Heures supplémentaires
Au terme du projet de décret, seront des heures supplémentaires celles effectuées :
– au-delà de 39 heures par semaine ;
– au-delà de la durée moyenne de 35 heures
hebdomadaires calculée sur la période de
référence, déduction faite, le cas
échéant, des heures supplémentaires
comptabilisées au titre du dépassement de la durée
hebdomadaire.
En cas d’arrivée ou départ en cours de
période, les heures accomplies au-delà de 35 heures
hebdomadaires seront des heures supplémentaires. Les semaines
où la durée de travail est inférieure à 35
heures, le salaire sera maintenu sur la base de 35 heures hebdomadaires.
En cas d’absence rémunérée, le temps non
travaillé ne sera pas récupérable et sera
valorisé sur la base du temps qui aurait été
travaillé si le salarié avait été
présent, heures supplémentaires structurelles comprises.
Aménagement du temps de travail
Le projet de décret introduit dans la partie
réglementaire du Code du travail une sous-section
intitulée « répartition sur plusieurs semaines
».
La durée du travail de l’entreprise ou de
l’établissement pourra être organisée sous
forme de périodes de travail, chacune d’une durée
de quatre semaines au plus.
Dans ce cas, la rémunération mensuelle des
salariés sera indépendante de l’horaire réel
: elle sera calculée sur la base de 35 heures hebdomadaires.
L’employeur établira le programme indicatif de la
variation de la durée du travail.

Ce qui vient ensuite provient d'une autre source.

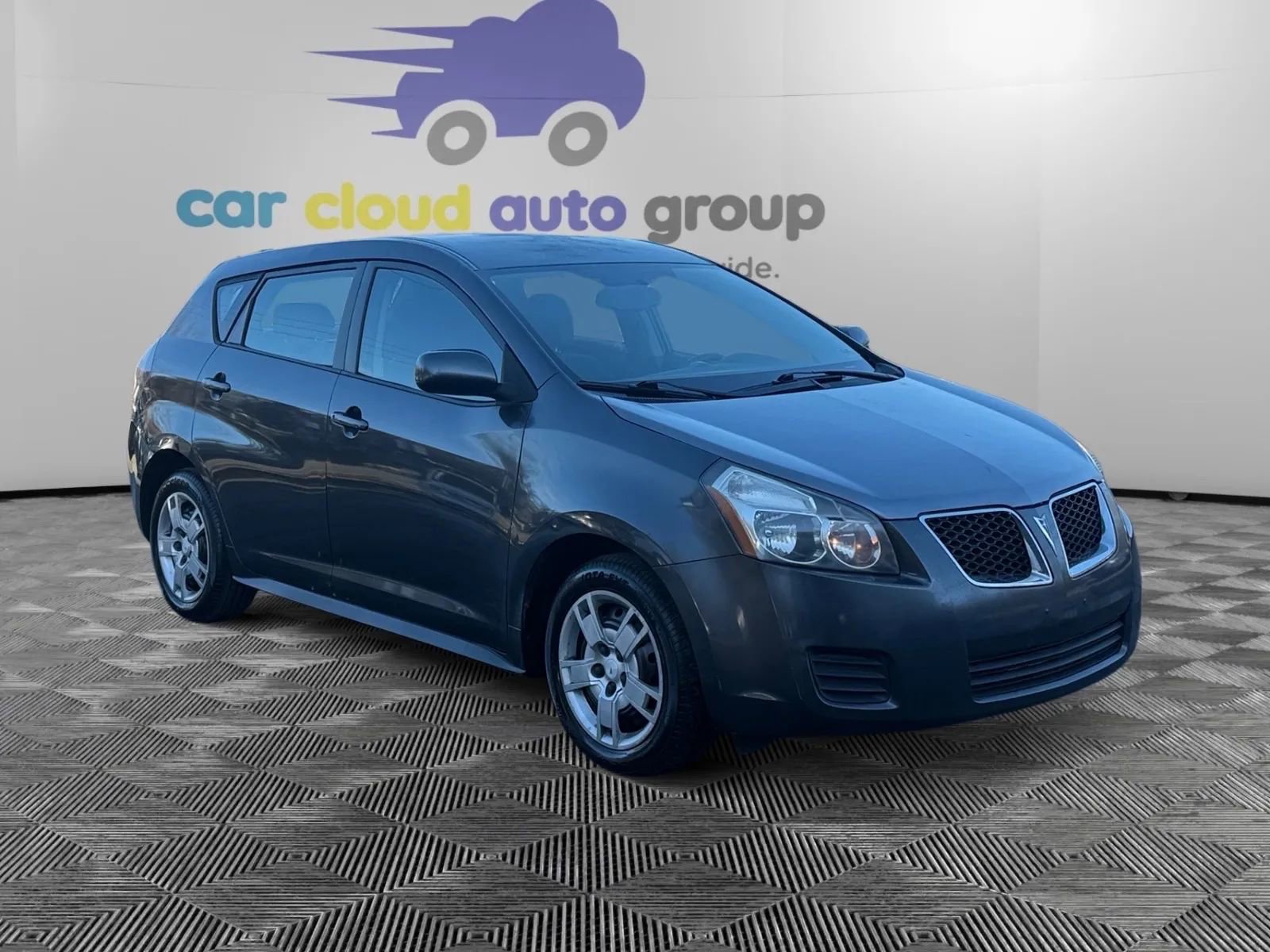 Used 2009 Pontiac Vibe w/ Preferred Package image 7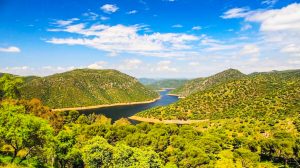 excursiones desde Andújar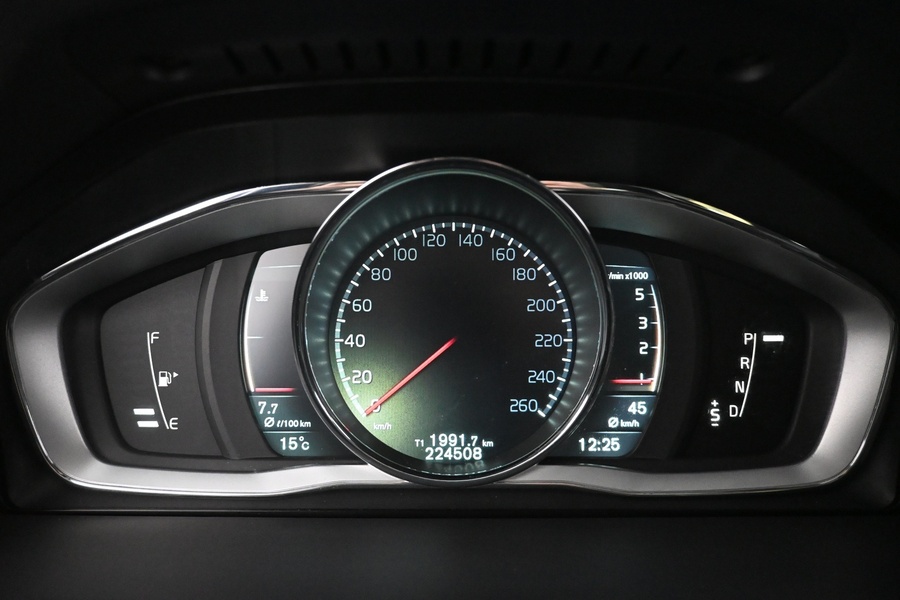 Volvo XC70 vaihtoauto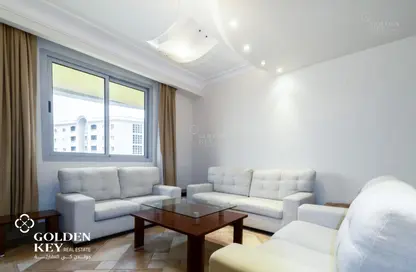 Apartment - 2 Bedrooms - 3 Bathrooms for rent in Al Sadd Road - Al Sadd - Doha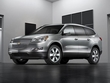 2009 Chevrolet Traverse SUV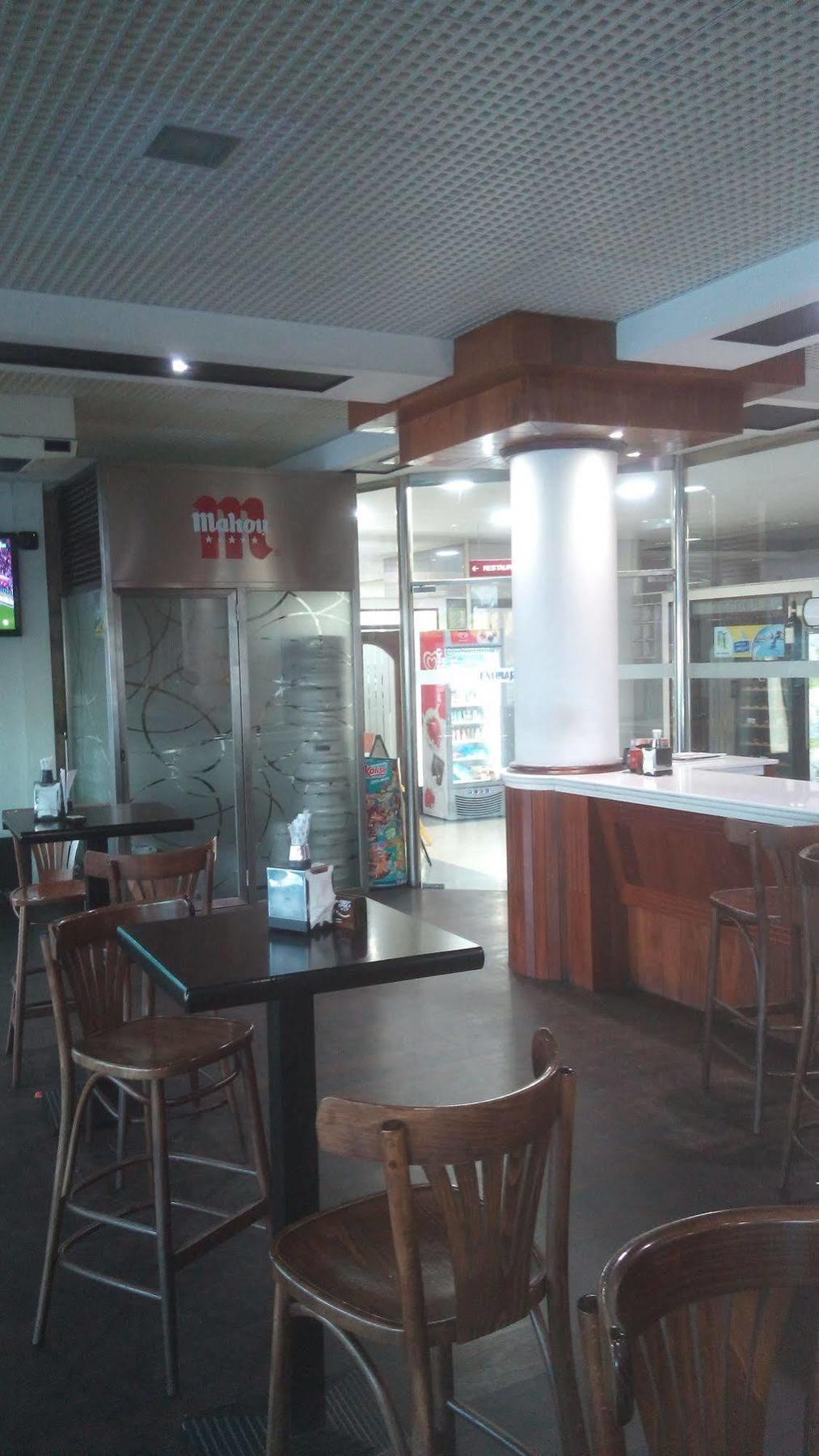 Hostal Casa Juana Ла Коруня Екстериор снимка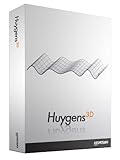  Huygens3D erweiterte Schullizenz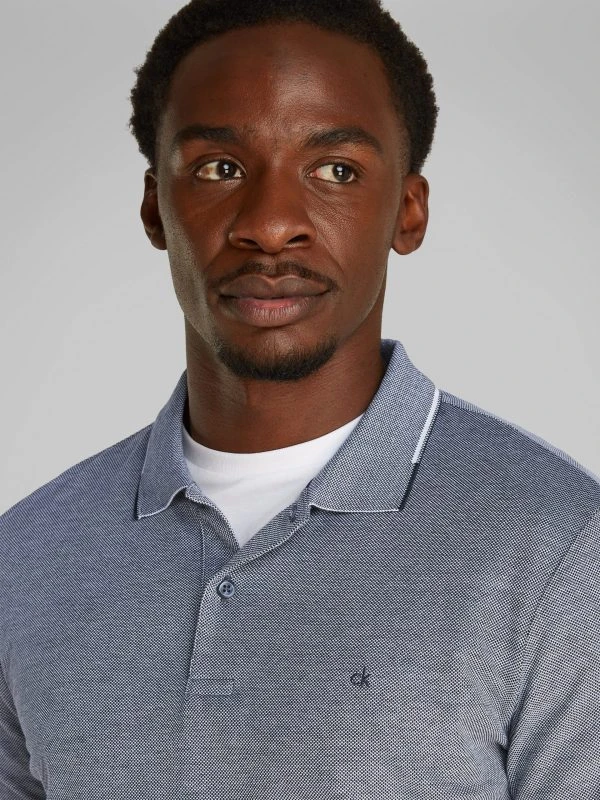 Calvin Klein Poloshirt OXFORD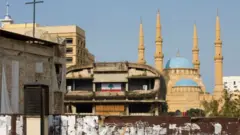 لبنان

Ce programme ainsi que ses
modifications éventuelles seront soumis pour avis, avant sa
première mise en œuvre, au comité
d’entreprise ou, à défaut, aux
délégués du personnel. De plus, l’employeur
devra communiquer une fois par an un bilan de la mise en œuvre du
programme indicatif de la variation de la durée du travail au CE
ou, à défaut, aux DP.
Les salariés seront prévenus des changements de leurs
horaires au moins sept jours ouvrés à l’avance.